令和の時代となって平成の時代のように政府債務リスクを覆い隠すうまいバランスを果たして維持できるのか
平成の約30年間にいったい何が起きていたのか。それを探るためにひとつのグラフを作ってみた。上記のグラフは平成元年度(1989年度)から平成30年度(2018年度)までの、国の債務残高(国及び地方の債務残高)と長期金利、そして日銀のマネタリーベースの推移となる。
国及び地方の債務残高は財務省のサイトにあった「我が国の1970年度以降の長期債務残高の推移」というページの数字を使っている。長期金利についても財務省のサイト内にある「国債金利情報」のページにあるデータから年度末の数値を拾ってきたものである。マネタリーベースの推移については日銀のサイトにあるマネタリーベースのページにある月末算のデータから年度末のデータを拾ったものとなる。
このグラフからほわかるように国の債務残高は平成の30年の間に約4.4倍程度に膨れあがっている。しかし、それに対する国民の危機意識はそれほど高くはない。国の債務は国民の資産で賄われているので問題ないとか、国の資産を考慮すればそれほど債務は膨れあがっていないとか、日銀の国債保有分は国の債務にカウントしなくても良いといった意見もある。私はそれらの意見を疑問視している。国の債務そのものが1100兆円に膨れあがっているという事実にかわりはない。しかし、それに対する危機感は強くない。それは何故なのか。その理由がこのグラフから読み取れるのではなかろうか。
国の債務の大きさに対する国民の危機意識を軽減というか危機を見えにくくさせているのは長期金利の低下と日銀による国債を主体とした資産の買入である。平成の30年の間に長期金利は7%近くからゼロもしくはマイナスにまで低下した。
長期金利とは通常は10年国債の利回りのことを示す。国の債務の増加は国債の発行額や残高の増加を示す。国の債務のほとんどは国債で賄われている。その発行額や残高の増加にもかかわらず、長期金利が低下してきたのはなぜか。
その理由はいくつかある。ひとつは我々の銀行などへの預貯金、生命保険、損害保険、年金などが国債で運用されていたことにある。間接的に国民の金融資産が国債に置き換わっていたともいえる。金利そのものも低下しやい状況にあった。物価が上昇しづらい状況となったことに加え、国内ではバブル崩壊後の金融危機、海外でもITバブルの崩壊、リーマン・ショックやギリシャ・ショックなどもあり、リスク回避による安全資産とされる国債買いなども長期金利を低下させてきた。

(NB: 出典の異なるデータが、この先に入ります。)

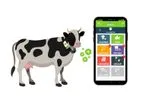 Cow Collar for Heat and Disease Detection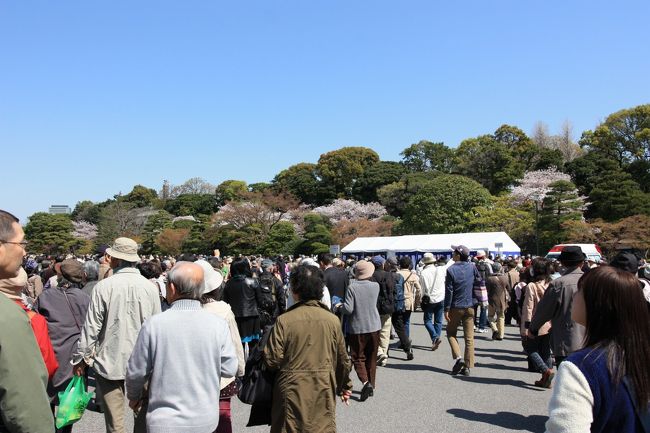 花見っていうレベルじゃねーぞ。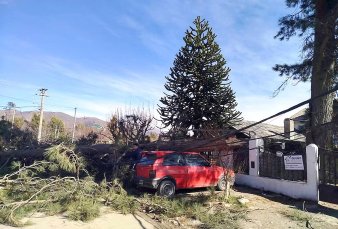 Rfagas superiores a los 120 km/h causaron daos y trastornos en Bariloche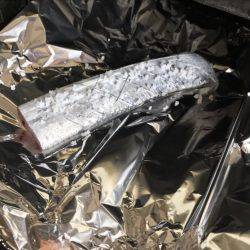 ツバス(48cm)タチウオ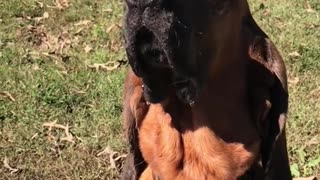 Dog balances cupcake on nose, fails to catch it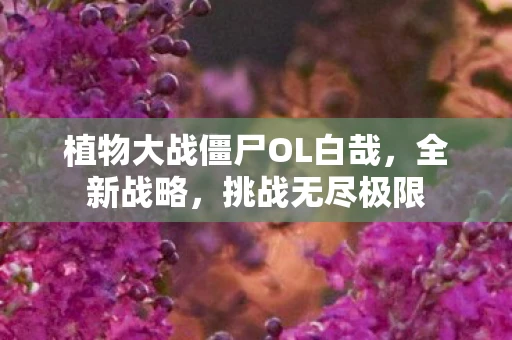 植物大战僵尸OL白哉，全新战略，挑战无尽极限
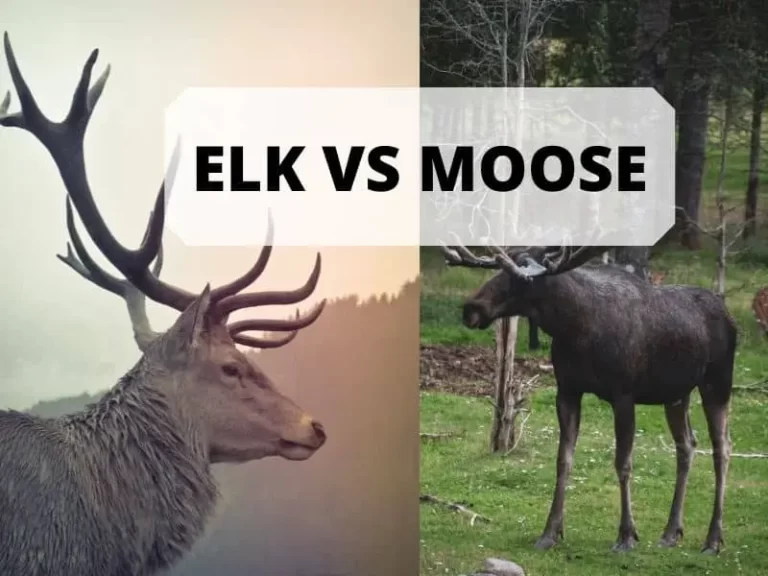 Elk vs Moose: A Detailed Overview 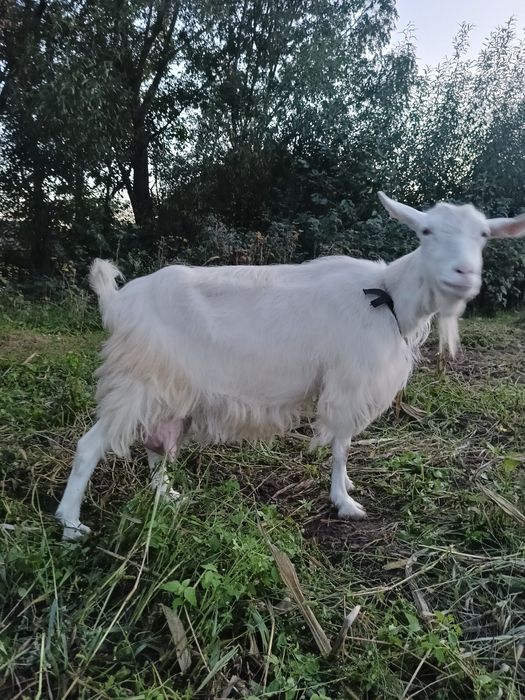 Продається коза,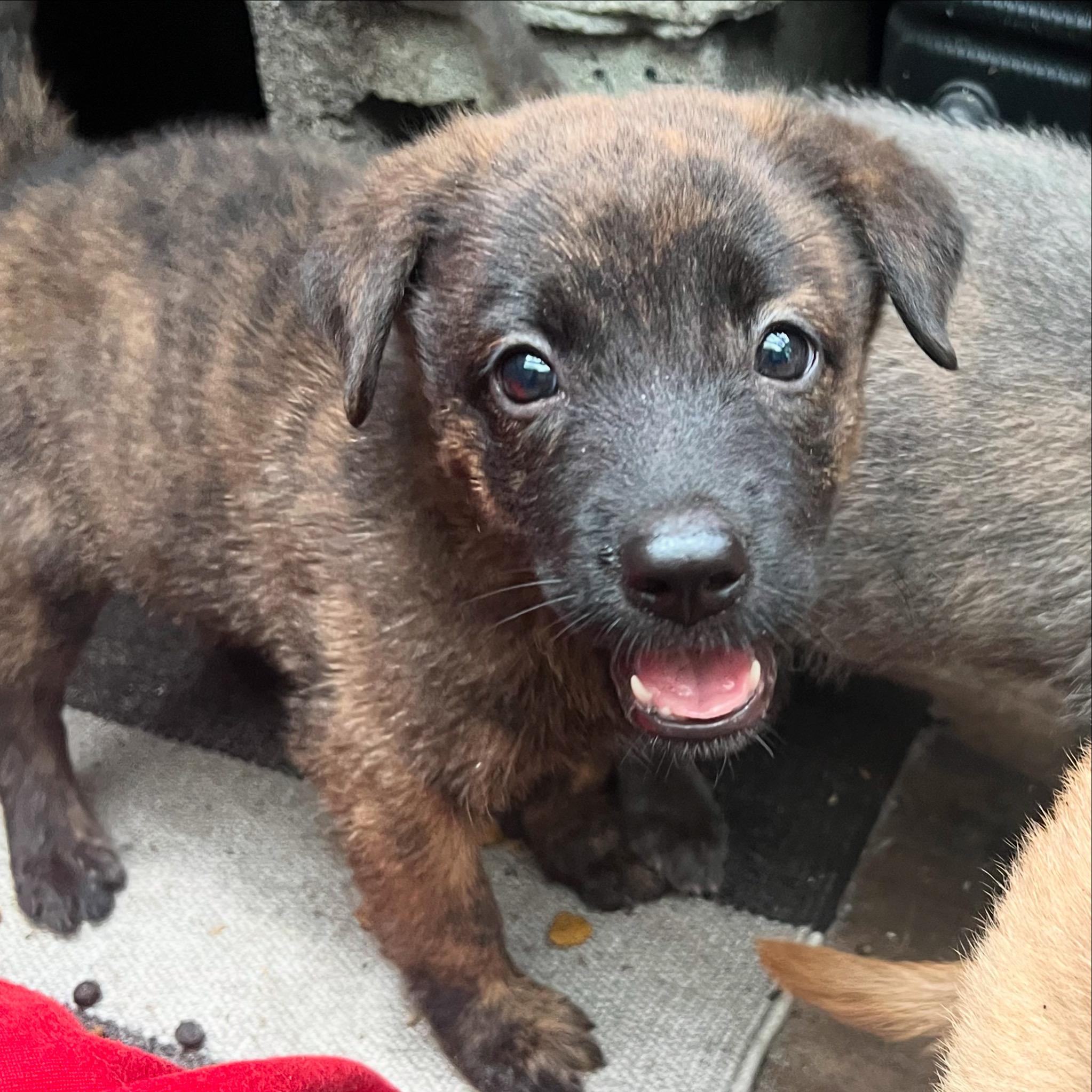 frankie Belgian Shepherd / Malinois Dog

本来であれば国の債務状態の危険信号としての役割も長期金利にはあるが、需給のバランスが維持され、金利に大きな影響を与える物価が低迷し、リスク回避による買い、さらにはマイナス金利でも運用可能な海外投資家の存在などもあって、日本国債は危ないとのリスクプレミアムが日本の国債の金利に上乗せされることはほとんどなかった。
そしてこのグラフにあるもうひとつの存在が、長期金利のさらなる低下と国債の需給をタイトにさせていたこともわかる。2013年度あたりから日銀のマネタリーバランスが大きく増加してきたことがグラフから読み取れる。
マネタリーバランスとは日銀券発行残高、貨幣流通量そして日銀当座預金で構成される。日銀券発行残高も平成の間に伸びてきているが、圧倒的な存在感を示しているのが日銀当座預金の増加であり、データが残る平成8年度が3兆円台であったものが、平成25年10月に100兆円を超え、平成27年3月に200兆円を超えて、平成28年6月に300兆円を超えている。その後400兆円に迫ったところでやっとブレーキが掛かった。
日銀当座預金の急増の背景にあるのが、日銀による大量の国債買入となっている。日銀が大量に国債を買い入れることで国債の需給バランスがタイトとなり、さらに日銀の長期金利コントロールも加わって、長期金利が低下していたのが平成時代の動きとなる。
それでは令和の時代となって、平成の時代のように政府債務リスクを覆い隠しているようなうまいバランスを果たして維持できるのであろうか。いずれこの絶妙なバランスが何かしらのきっかけで、崩れてくる可能性は当然ありうる。令和となってこのグラフがどのように変化してくるのかも見ていく必要がありそうである。